Package data

Household Budget Survey

The microsimulation model in which medusa is based is built up with the microdata from the Household Budget Survey (HBS), a common statistic in all EU countries which is increasingly standardized and which has relevant potential due the large amount of socioeconomic information that it collects. The HBS provides information about household final consumption expenditure on goods and services and information on some socioeconomic and demographic characteristics of each household. The HBS provides information at two levels: one for households and their expenditures and the other for household members. For more information about the HBS click here.

Data included in medusa

Currently, medusa includes Spanish HBS microdata for the period 2006-2021 (soon to be updated for 2022). The original survey data has been minimally processed to enhance usability and incorporate additional socioeconomic variables. These modifications include: 1. Renaming some variables to make them more intuitive for users. 2. Creating new socioeconomic indicators, such as income quintiles (QUINTIL), deciles (DECIL), ventiles (VENTIL), and percentiles (PERCENTIL). 3. Adding gender-sensitive variables, aligned with medusa’s goal of facilitating gender-disaggregated analysis: - Gender of the household reference person (already included in the HBS). - Degree of household feminization, calculated based on the proportion of women over 14 years old (the age at which individuals are considered to have decision-making capacity) within the household: - FD1: 0-20% (lowest feminization) - FD2: 20%-40% - FD3: 40%-60% - FD4: 60%-80% - FD5: 80%-100% (highest feminization) For a full list of socioeconomic and demographic variables available for distributional analysis, click here.

Expenditure variables

HBS expenditure data follows the Classification of Individual Consumption by Purpose (COICOP), an internationally recognized classification developed by the United Nations Statistics Division. This system categorizes household expenditures into groups such as food, clothing, housing, water, electricity, gas, and other fuels. For more details on the COICOP classification click here.

Population census

Although the HBS covers a representative sample of the population, the total population does not coincide with the data collected in the National Accounts. Therefore, in order to make the HBS data consistent with the National Accounts data, the population data from the survey would first have to be adjusted. To do this, medusa takes the EUROSTAT census data as of 1 January and calculates adjustment coefficients. The population data is available here.

National accounting

Despite the fact that the HBS provides a very detailed image of the annual consumption of households, the aggregate costs of the survey are not aligned with the principles and data of the National Accounts, which builds its macroeconomic aggregates based on more complete sources of information. Therefore, sometimes (e.g. when price shocks come from a macro model), before the simulation the HBS data should be adjusted to make them consistent with the macroeconomic dimension. In these cases, medusa takes the National Accounts consumption data and calculates an adjustment factor at the highest possible level of disaggregation. To download the latest data click here.

Data processing in medusa

While medusa includes pre-processed versions of the HBS data, users who wish to work directly with the raw data can do so. The main modifications made to the survey data are: - Merging household and expenditure datasets. - Adding the new socioeconomic and gender-sensitive variables mentioned above.

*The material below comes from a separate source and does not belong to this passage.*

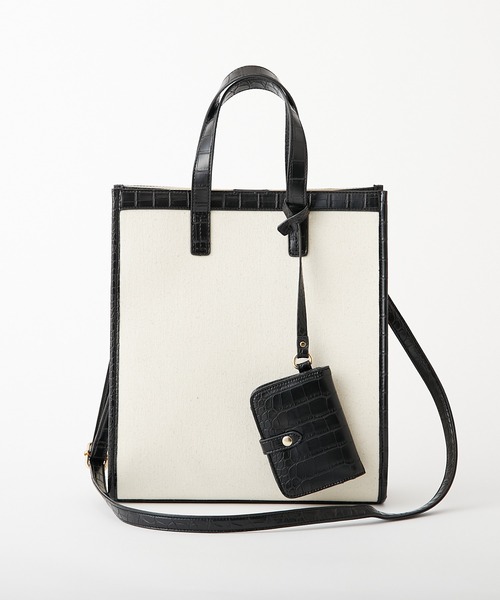 Chico（チコ）の「パスケース付パイピングスクエアトート（トートバッグ・レディース・ブラック/ブラウン/アイボリー・FREE）」の22枚目の写真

However, medusa does not apply further adjustments unless explicitly requested by the user. For example: - Aligning expenditures with National Accounts is optional*and is only performed when users select this adjustment within the calc_di() function. - The adjustment process is handled by the function load_rawhbs(), which is included in the package.

Initially, we considered including the raw HBS microdata in medusa, but given the large file sizes, running the function would be too slow for users. Instead, we processed the data externally and included the modified version in the package. However, users can download the raw microdata from here and process it themselves using load_rawhbs().